The line of code below uses the *train_test_split*  to randomly split the data arrays into training and testing subsets. The inclusion of the random state parameter ensures that each time the code block is run, the kernel does not change and the randomization can be repeated. To call a new randomization, simply change the number to which the  random state is set. This number is functionally arbitrary; changing the number changes the randomization state so that different rows are placed in the training and testing sets for the model.

In [0]:
from sklearn.model_selection import train_test_split
ftrain, ftest, ltrain, ltest = train_test_split(dffa, dfla, random_state = 13)

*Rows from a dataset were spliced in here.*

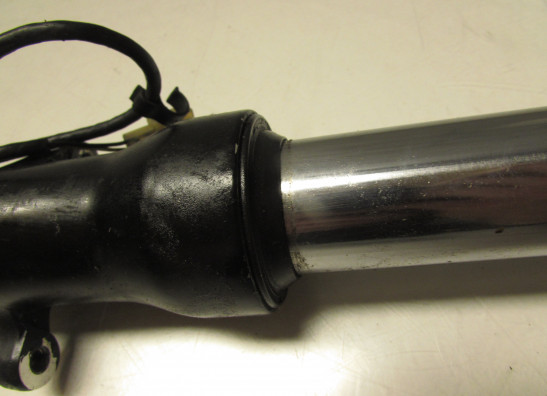 Voorpoot rechts compleet Kawasaki GPX 750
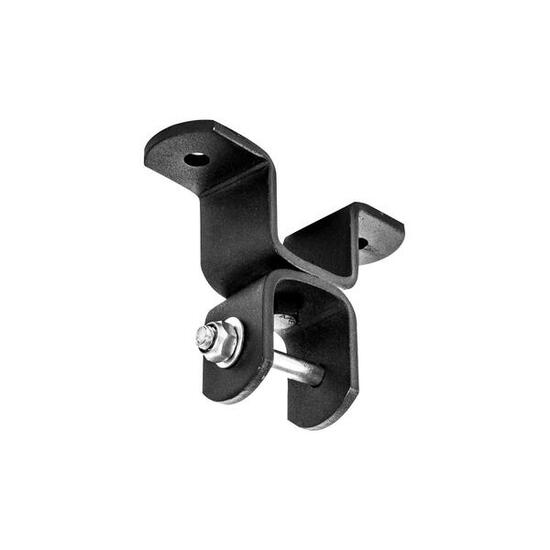 Attache plafond Metal Boxe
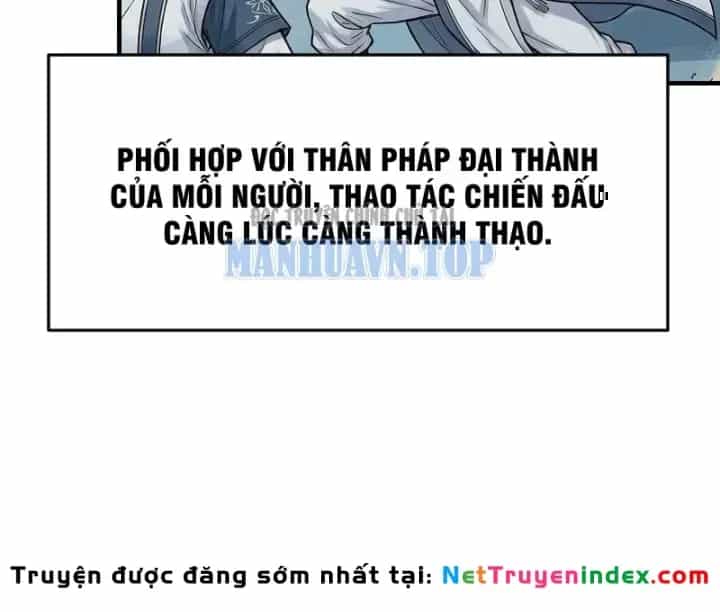 Xuyên Không Tới Tu Tiên Giới Làm Trù Thần - Chương 107 - ảnh 36
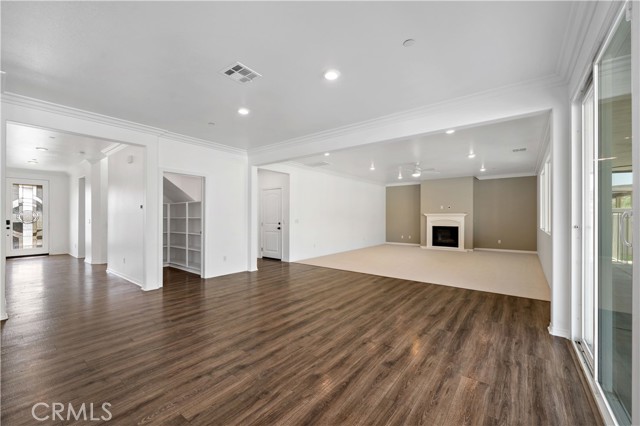 35646 Athena Court, Winchester CA: https://media.crmls.org/medias/e4b3dd1d-8ff8-4264-a77c-cdc3bd65890b.jpg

The first line of code below uses the *ravel* function to transform the column vector created by dropping columns from the original dataframe into a one-dimensional array for usage in the *sklearn* functions further on. The second line of code checks that there are no null vales in the original dataframe used to create the arrays; through all the null values have been dropped in data cleaning, this is a final check prior to inputting the arrays into the modeling functions.

In [0]:
ltrain = ltrain.ravel()     # re-creates to 1d arrray from column vector
np.any(np.isnan(df))

False

The following code block implements a support vector machine for a multiple classification problem. The *SVC* function has many more parameters than those shown below; fine-tuning these parameters will ultimately yield the highest predictive accuracy. Below is a simple example of one of the many modelling options within the *sklearn* package.

In [0]:
from sklearn.svm import SVC
svmlm = SVC(C = 1000000, kernel = 'rbf', gamma = 'scale', decision_function_shape = 'ovo').fit(ftrain, ltrain)
svmpred = svmlm.predict(ftest)
svmacc = svmlm.score(ftest, ltest)
print (svmacc)

0.6251896813353566


The following code block implements a k-nearest neighbors model for a multiple classification problem. The *KNeighborsClassifier* function has many more parameters than those shown below; fine-tuning these parameters will ultimately yield the highest predictive accuracy. The *class weight* parameter is of particular interest as you can set the prediction function coefficients through the use of an array or dictionary.

In [0]:
from sklearn.neighbors import KNeighborsClassifier 
knn = KNeighborsClassifier(n_neighbors = 3, weights = 'distance', p = 1).fit(ftrain, ltrain)
knnpred = knn.predict(ftest)
knnacc = knn.score(ftest, ltest)
print (knnacc)

0.6311926605504588


This notebook has provided a methodology for data analysis and predictive model building. There are many more model types within the *sklearn* package which can be implemented for the dataset. Using the Python documentation for each model, try to maximize the prediction accuracy. Remember to use the *train_test_split* to randomly group your dataset.